Although courts assess fair use under a four-factor balancing test, much of the debate about fair use to AI training focuses on two factors: (1) whether the training constitutes a “transformative use,” and (2) whether the training serves as a market replacement for the source material. Moreover, these arguments emphasize that fair use should apply to the AI training process itself, rather than just evaluating the output.
- Transformative Use Factor
Some scholars contend that using copyrighted materials to train generative AI models should be considered transformative, as the purpose is to develop new technology rather than to replace the original work. This argument reflects the U.S. Supreme Court’s recent shift (laid out in Andy Warhol Foundation v. Goldsmith) from analyzing transformative use based on whether the secondary use is a new expression or meaning to focusing on whether it a different purpose from the original. However, voice cloning is not a transformative use under this framework. Unlike general-purpose AI models, the purpose of voice cloning is not to extract statistical patterns for further applications, but to generate voices identical to the input subject. The models made from this process, aimed at imitating others’ voices, will not advance the innovation-promoting purpose pursued by copyright law and the fair use doctrine. Thus, such training is not justified under the transformative fair use factor.
- Market Harm Factor
Scholars contend that it is difficult to establish an effective licensing market for general-purpose AI. The volume of copyrighted works used for training is enormous, and the number of rights holders from whom permission would be required is equally vast. In the absence of centralized or collective licensing systems, obtaining such permissions is effectively impossible. As a result, no viable market exists for these uses, which suggests that generative AI training causes minimal market harm under the fair use analysis.

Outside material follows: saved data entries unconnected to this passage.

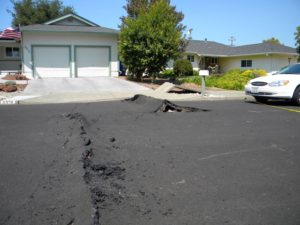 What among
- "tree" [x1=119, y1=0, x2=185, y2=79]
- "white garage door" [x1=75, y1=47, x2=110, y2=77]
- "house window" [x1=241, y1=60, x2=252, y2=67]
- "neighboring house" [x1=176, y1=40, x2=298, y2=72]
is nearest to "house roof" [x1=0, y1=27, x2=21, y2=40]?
"white garage door" [x1=75, y1=47, x2=110, y2=77]

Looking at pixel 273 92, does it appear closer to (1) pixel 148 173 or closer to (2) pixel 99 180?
Result: (1) pixel 148 173

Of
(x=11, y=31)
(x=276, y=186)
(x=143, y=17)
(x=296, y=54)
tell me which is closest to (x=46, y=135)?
(x=276, y=186)

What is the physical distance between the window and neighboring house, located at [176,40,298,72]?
17436 mm

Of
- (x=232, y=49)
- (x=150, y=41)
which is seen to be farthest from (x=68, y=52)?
(x=232, y=49)

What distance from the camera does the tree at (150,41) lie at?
68.4ft

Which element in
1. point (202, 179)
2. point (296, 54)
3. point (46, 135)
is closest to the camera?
point (202, 179)

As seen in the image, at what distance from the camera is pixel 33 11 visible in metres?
48.0

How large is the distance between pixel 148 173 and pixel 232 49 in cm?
4053

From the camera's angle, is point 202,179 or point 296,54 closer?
point 202,179

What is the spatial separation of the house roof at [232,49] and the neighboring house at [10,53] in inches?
726

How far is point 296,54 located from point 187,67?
1576 cm

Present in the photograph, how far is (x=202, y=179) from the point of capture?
4250mm

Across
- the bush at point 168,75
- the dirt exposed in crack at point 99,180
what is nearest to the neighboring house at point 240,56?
the bush at point 168,75

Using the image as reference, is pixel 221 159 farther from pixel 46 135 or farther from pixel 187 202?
pixel 46 135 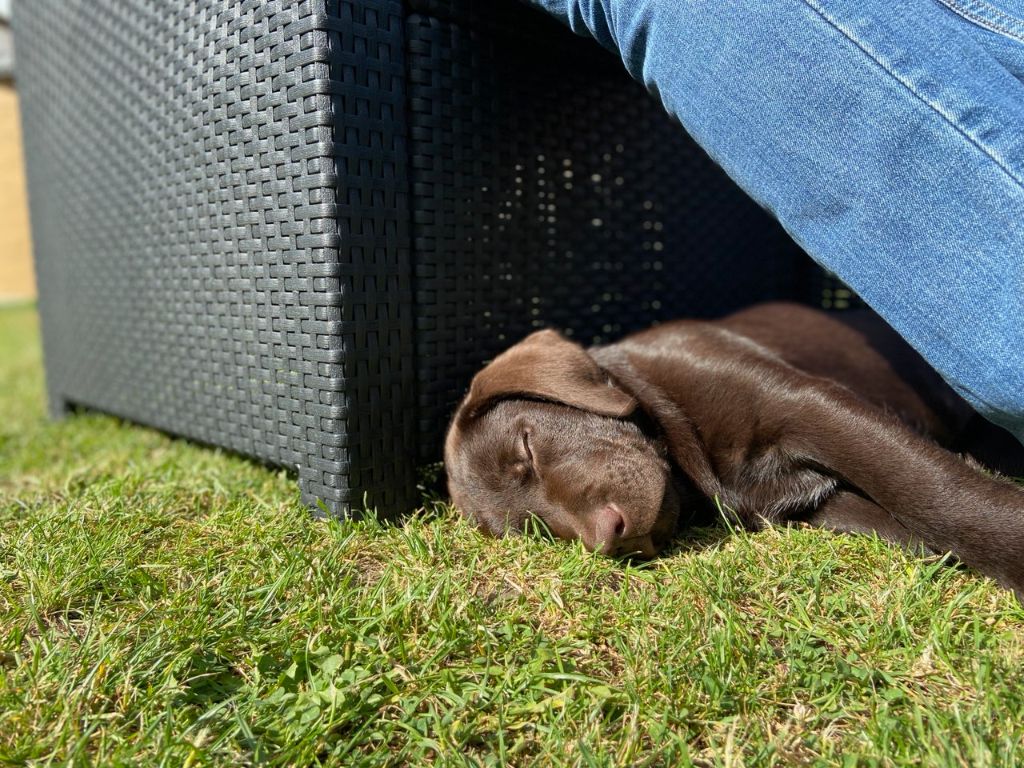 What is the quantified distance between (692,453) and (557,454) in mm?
400

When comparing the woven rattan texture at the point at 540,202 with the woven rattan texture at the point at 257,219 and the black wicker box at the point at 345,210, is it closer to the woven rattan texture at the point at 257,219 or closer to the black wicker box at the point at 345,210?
the black wicker box at the point at 345,210

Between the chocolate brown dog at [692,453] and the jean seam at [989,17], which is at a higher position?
the jean seam at [989,17]

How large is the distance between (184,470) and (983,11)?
2.47 metres

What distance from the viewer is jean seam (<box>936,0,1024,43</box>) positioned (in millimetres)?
1484

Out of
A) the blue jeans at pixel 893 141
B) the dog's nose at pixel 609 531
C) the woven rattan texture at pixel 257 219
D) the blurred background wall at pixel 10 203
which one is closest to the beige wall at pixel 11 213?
the blurred background wall at pixel 10 203

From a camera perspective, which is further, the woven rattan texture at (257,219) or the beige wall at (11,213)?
the beige wall at (11,213)

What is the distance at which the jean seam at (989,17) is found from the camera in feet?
4.87

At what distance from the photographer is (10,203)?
12297 mm

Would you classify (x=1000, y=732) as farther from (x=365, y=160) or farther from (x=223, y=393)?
(x=223, y=393)

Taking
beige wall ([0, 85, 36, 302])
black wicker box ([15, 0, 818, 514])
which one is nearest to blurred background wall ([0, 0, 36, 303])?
beige wall ([0, 85, 36, 302])

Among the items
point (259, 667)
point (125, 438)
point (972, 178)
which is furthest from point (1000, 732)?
point (125, 438)

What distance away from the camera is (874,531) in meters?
1.98

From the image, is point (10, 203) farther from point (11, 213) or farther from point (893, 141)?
point (893, 141)

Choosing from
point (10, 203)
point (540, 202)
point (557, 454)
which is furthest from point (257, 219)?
point (10, 203)
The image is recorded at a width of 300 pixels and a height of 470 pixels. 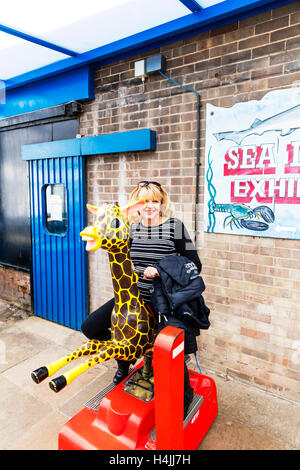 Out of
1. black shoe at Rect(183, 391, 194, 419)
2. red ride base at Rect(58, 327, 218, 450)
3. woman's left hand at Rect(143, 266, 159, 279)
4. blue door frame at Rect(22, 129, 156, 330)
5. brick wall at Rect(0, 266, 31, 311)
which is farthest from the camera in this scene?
brick wall at Rect(0, 266, 31, 311)

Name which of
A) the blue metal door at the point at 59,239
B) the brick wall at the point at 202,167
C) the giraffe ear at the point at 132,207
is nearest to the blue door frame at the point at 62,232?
the blue metal door at the point at 59,239

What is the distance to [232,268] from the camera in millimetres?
3293

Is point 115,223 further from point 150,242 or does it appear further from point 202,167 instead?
point 202,167

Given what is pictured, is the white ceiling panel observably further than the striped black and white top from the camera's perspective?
Yes

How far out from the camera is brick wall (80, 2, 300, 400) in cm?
292

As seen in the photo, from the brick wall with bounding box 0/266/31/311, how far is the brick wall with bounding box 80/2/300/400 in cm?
272

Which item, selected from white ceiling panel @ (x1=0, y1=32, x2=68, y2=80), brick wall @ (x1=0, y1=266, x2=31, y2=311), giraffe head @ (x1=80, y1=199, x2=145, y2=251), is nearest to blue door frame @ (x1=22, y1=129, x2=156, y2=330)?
brick wall @ (x1=0, y1=266, x2=31, y2=311)

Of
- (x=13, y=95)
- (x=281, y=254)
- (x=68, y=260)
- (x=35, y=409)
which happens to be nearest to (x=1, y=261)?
(x=68, y=260)

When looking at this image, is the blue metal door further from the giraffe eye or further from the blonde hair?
the giraffe eye

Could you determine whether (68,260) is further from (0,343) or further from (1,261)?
(1,261)

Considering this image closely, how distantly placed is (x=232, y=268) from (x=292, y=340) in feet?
2.96

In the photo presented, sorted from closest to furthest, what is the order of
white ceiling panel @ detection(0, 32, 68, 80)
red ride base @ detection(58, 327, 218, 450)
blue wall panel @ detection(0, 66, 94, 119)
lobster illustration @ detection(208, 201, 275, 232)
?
red ride base @ detection(58, 327, 218, 450) < lobster illustration @ detection(208, 201, 275, 232) < white ceiling panel @ detection(0, 32, 68, 80) < blue wall panel @ detection(0, 66, 94, 119)

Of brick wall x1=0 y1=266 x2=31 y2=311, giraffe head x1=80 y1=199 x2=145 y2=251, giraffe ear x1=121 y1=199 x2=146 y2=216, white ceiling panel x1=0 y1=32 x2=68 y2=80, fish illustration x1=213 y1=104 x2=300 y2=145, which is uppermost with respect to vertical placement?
white ceiling panel x1=0 y1=32 x2=68 y2=80

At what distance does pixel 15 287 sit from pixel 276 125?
4.96 metres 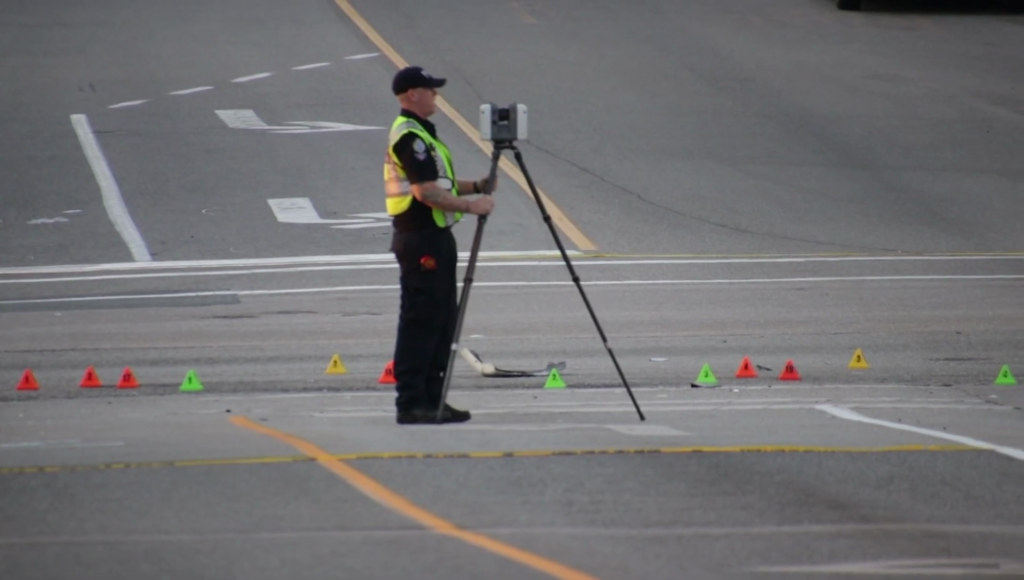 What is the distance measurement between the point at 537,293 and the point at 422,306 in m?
6.93

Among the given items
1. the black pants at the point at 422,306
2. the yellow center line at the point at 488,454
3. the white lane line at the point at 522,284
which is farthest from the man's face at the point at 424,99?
the white lane line at the point at 522,284

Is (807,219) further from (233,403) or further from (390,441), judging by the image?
(390,441)

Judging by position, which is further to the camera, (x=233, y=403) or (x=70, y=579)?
(x=233, y=403)

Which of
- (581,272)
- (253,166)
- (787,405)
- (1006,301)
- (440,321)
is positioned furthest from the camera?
(253,166)

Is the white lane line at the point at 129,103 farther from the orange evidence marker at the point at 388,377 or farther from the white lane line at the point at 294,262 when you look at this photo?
the orange evidence marker at the point at 388,377

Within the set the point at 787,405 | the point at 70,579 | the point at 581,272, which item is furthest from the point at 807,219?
the point at 70,579

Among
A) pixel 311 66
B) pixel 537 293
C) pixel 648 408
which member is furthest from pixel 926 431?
pixel 311 66

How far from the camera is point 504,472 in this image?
6.93 meters

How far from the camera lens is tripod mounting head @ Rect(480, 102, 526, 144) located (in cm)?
821

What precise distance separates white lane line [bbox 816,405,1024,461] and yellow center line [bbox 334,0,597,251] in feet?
9.69

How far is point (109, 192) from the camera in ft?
66.5

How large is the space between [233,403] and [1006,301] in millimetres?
8419

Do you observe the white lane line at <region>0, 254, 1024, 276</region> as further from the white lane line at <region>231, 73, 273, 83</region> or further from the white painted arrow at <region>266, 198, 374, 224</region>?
the white lane line at <region>231, 73, 273, 83</region>

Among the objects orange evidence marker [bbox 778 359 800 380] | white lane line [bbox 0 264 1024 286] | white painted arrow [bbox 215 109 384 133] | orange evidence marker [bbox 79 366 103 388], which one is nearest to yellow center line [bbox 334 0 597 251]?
white lane line [bbox 0 264 1024 286] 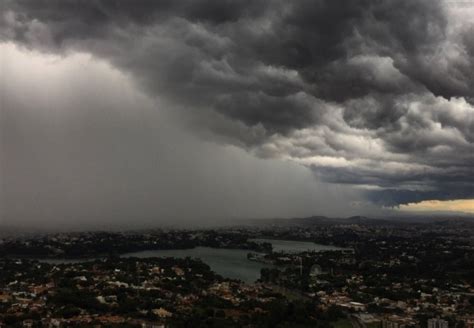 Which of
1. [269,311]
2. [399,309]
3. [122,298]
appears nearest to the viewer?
[269,311]

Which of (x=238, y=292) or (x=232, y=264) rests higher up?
(x=238, y=292)

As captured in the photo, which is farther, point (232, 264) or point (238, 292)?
point (232, 264)

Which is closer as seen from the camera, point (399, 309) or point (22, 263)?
point (399, 309)

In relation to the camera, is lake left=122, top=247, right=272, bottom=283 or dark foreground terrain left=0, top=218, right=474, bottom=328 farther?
lake left=122, top=247, right=272, bottom=283

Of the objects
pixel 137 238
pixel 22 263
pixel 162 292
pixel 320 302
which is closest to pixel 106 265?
pixel 22 263

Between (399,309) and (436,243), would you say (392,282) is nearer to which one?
(399,309)

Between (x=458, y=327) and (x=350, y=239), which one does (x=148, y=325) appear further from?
(x=350, y=239)

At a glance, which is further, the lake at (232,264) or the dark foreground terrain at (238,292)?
the lake at (232,264)

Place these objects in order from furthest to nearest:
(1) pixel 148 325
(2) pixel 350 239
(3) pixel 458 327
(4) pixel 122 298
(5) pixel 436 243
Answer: (2) pixel 350 239 < (5) pixel 436 243 < (4) pixel 122 298 < (3) pixel 458 327 < (1) pixel 148 325

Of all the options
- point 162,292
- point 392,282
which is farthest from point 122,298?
point 392,282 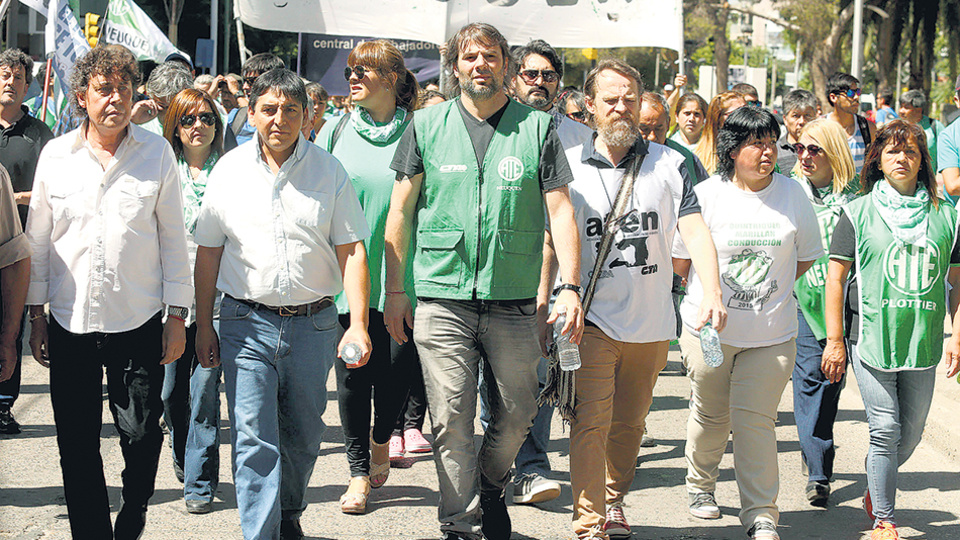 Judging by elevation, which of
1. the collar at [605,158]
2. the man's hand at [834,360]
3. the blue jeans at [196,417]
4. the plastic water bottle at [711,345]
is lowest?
the blue jeans at [196,417]

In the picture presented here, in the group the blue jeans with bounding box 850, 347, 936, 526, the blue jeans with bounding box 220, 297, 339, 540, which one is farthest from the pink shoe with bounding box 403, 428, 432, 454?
the blue jeans with bounding box 850, 347, 936, 526

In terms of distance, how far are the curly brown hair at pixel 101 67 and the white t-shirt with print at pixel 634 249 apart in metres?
1.92

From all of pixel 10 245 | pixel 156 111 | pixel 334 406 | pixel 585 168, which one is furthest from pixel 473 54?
pixel 334 406

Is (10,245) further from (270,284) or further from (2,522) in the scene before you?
(2,522)

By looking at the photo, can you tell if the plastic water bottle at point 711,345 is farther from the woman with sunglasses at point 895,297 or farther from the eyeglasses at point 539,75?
the eyeglasses at point 539,75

However, such a licensing market does exist for voice cloning because the necessary licenses can be granted by a limited and clearly identifiable group of right holders. First, training an AI to imitate a certain person’s voice with audio materials would require the person’s consent to avoid infringing on their right of publicity. Second, where music or videos are involved as training data, permission from the copyright holders would be required, as reproduction of sound recordings during the training process may otherwise infringe the reproduction right. There have already been attempts by AI toolmakers to strike deals with record labels in hopes of licensing music to train AI models to mimic the sounds of famous musicians. While these attempts have not yet succeeded, they demonstrate that getting licenses for AI training of voice clone models could be possible. Additionally, courts should not only focus on the training process, but also on the output of such voice models when assessing market harm. The works generated by cloned voices, such as AI-rendered songs or dubbed voice tracks, directly compete with the training materials, which weighs against fair use.
A lack of market harm may justify fair use for training general-purpose AI, but it does not extend to voice clones because they serve narrow purposes and involve only a limited number of identifiable licensing right holders.
AI Covers and Derivative Work Right
As noted, unauthorized use of materials for voice cloning may be infringing. However, even with proper authorization, songs using voice-cloning AI do not necessarily qualify for protection as derivative works under copyright law. An “AI cover” refers to the use of AI-generated voice clones to replace the voice timbre in released sound recordings to make Artist A’s original recording sound like a cover version performed by Artist B. Though AI covers may appear to be derivative works, they often lack the originality required for protection.
For a derivative work to be protected by copyright, it must have substantial originality: it cannot be merely a trivial variation of the preexisting work. Courts have held in sculpture-related cases that minor alterations do not constitute substantial originality, and this reasoning could apply similarly to sound recordings. In Batlin v. Snyder, the Court held that Snyder’s Uncle Sam bank was “extremely similar” to the original bank it replicated, “save in size and material.” The two works were almost identical in overall appearance and detailed design, such as Uncle Sam’s clothing elements and prop arrangements. The changes in size and material did not constitute original contribution, and thus Snyder’s bank was a mere copy rather than a derivative work.
AI covers are very similar to such modification. AI changes only the voice timbre in the sound recordings — from Artist A to Artist B — while preserving A’s musical interpretation or individual performance. This is akin to changing the material and size of a sculptural work while keeping the general design and most details. In essence, merely replacing a voice adds no new expression. Therefore, the secondary work of the AI cover has only trivial differences to the source material and does not qualify as a copyrightable derivative work.
Conclusion
There are two key legal challenges for AI voice cloning: fair use defenses at the training stage, and the lack of substantial originality at the output stage. These challenges reveal that specific-purpose AI tools involve different legal concerns compared to general-purpose AI models. Voice cloning tools are closely tied to identifiable copyrighted materials and personal attributes, which makes their legal risks more pronounced.
Although voice cloning technology faces serious copyright and publicity rights challenges, it is far from doomed. Future AI covers may incorporate enough original expression to gain copyright protection, and systematic licensing solutions could help overcome current legal barriers. Despite ongoing uncertainties, the technology still holds promise if innovation and rights protection are properly balanced.